By using the BMNETU tool provided by the SDK, you can convert INT8 Umodel (below), the output of 3.3.3 Generate INT8 Umodel, into int8 bmodel easily and quickly.

**.int8umodel,
**_deploy_int8_unique_top.prototxt

BMNETU is a Unified Framework (UFW) Model compiler for BM1684. It can compile Unified Model (umodel) and prototxt of a network into files required by BMRuntime. In addition, the NPU model calculation results of each layer can be compared with the CPU calculation results to ensure correctness. For details, see TPU-NNTC Development Reference Manual used by BMNETU.

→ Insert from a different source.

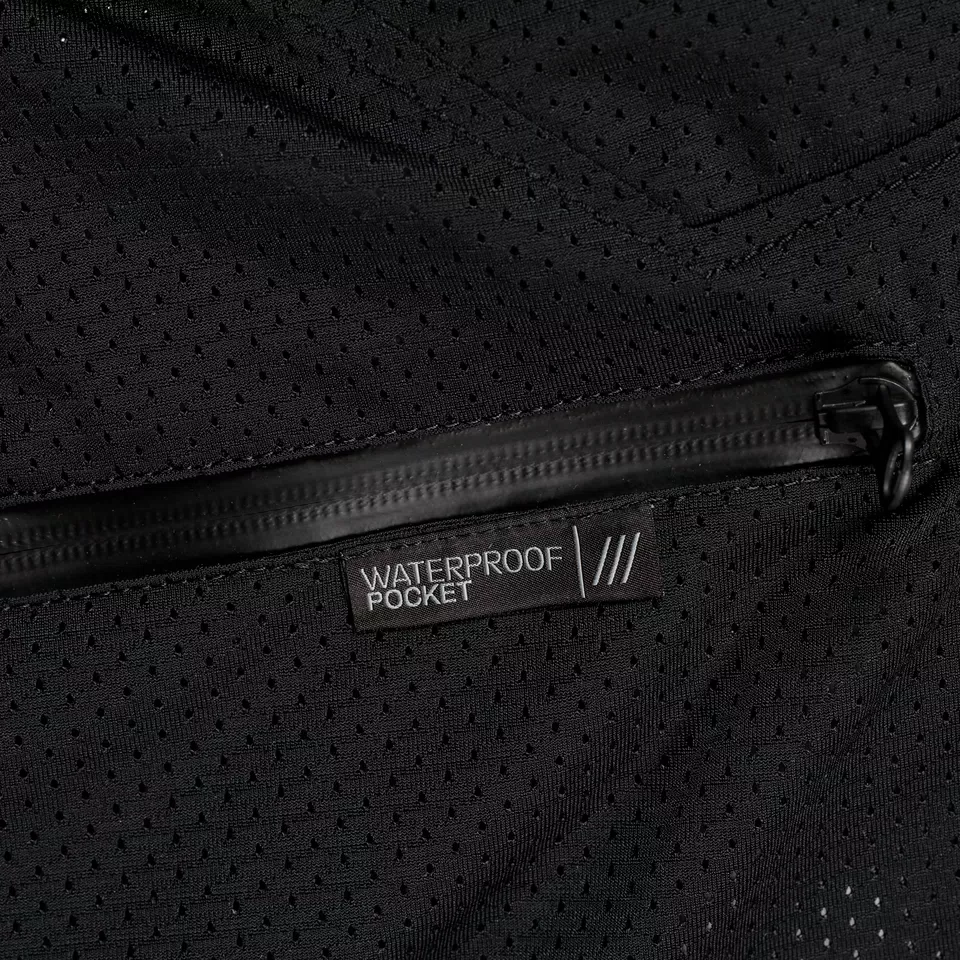 FULCRO QDF - MEN PERFORATED LEATHER MOTORCYCLE JACKET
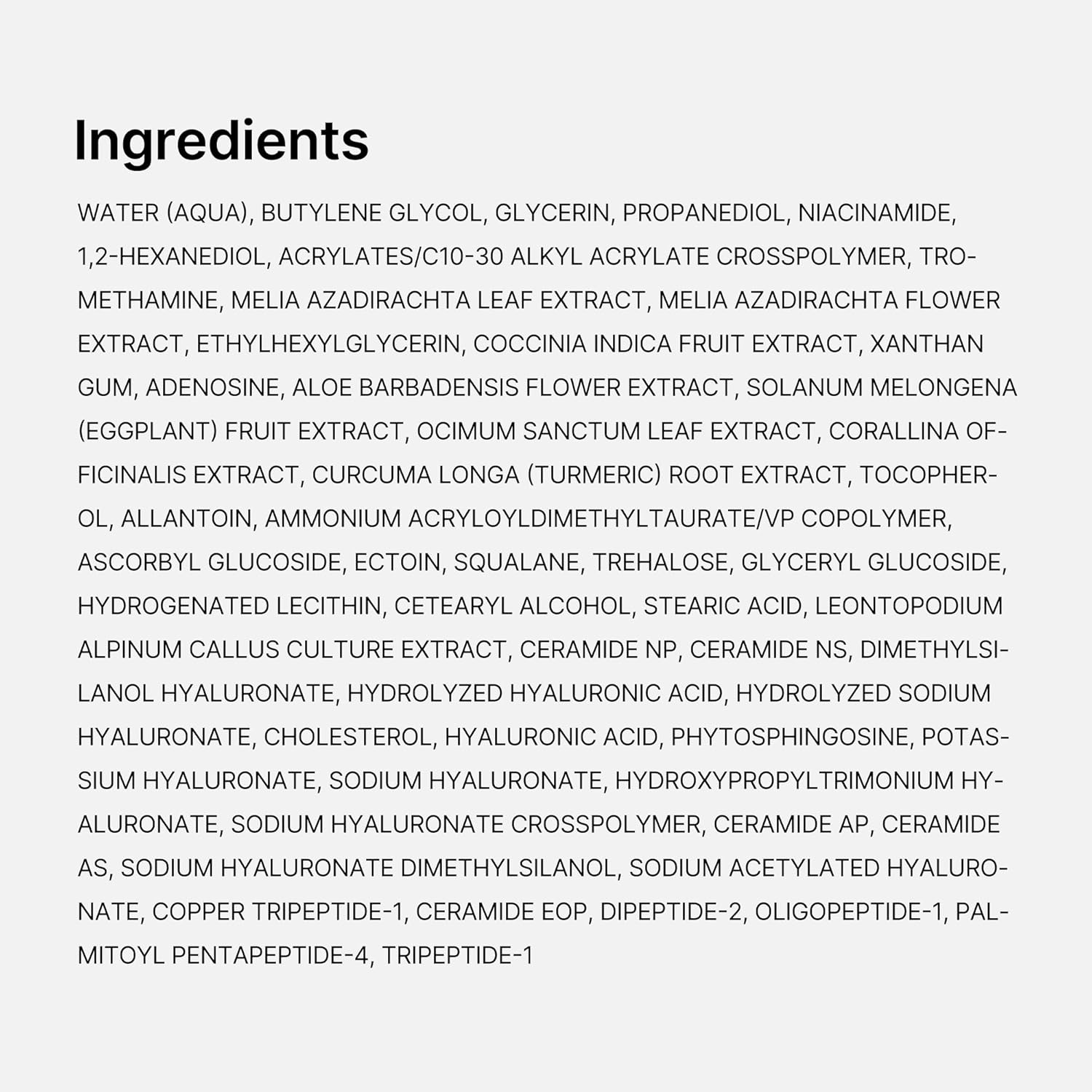 Hyaluronic Ceramide Jelly Cream 50ml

5.3.6. auto_cali one-click quantization tool 

It is recommended to use auto_cali as a key quantization tool for CV inference network which usually takes pictures as input. This tool is a step quantization integration, and the operation is simpler. LMDB data sets or original pictures can be used to complete quantization, which can reduce errors caused by manual input in the step quantization process. Its functions are as follows:

One key from the original framework (TensorFlow/PyTorch/Caffe Darknet/MxNet/PaddlePaddle/ONNX) to BM1684 / BM1684X bmodel conversion chip.
Quantization strategy can be searched automatically according to int8 model precision results according to preset optimization parameter combination to find the best quantization strategy meeting the accuracy requirements.

For details, please refer to auto_cali in TPU-NNTC Development Reference Manual.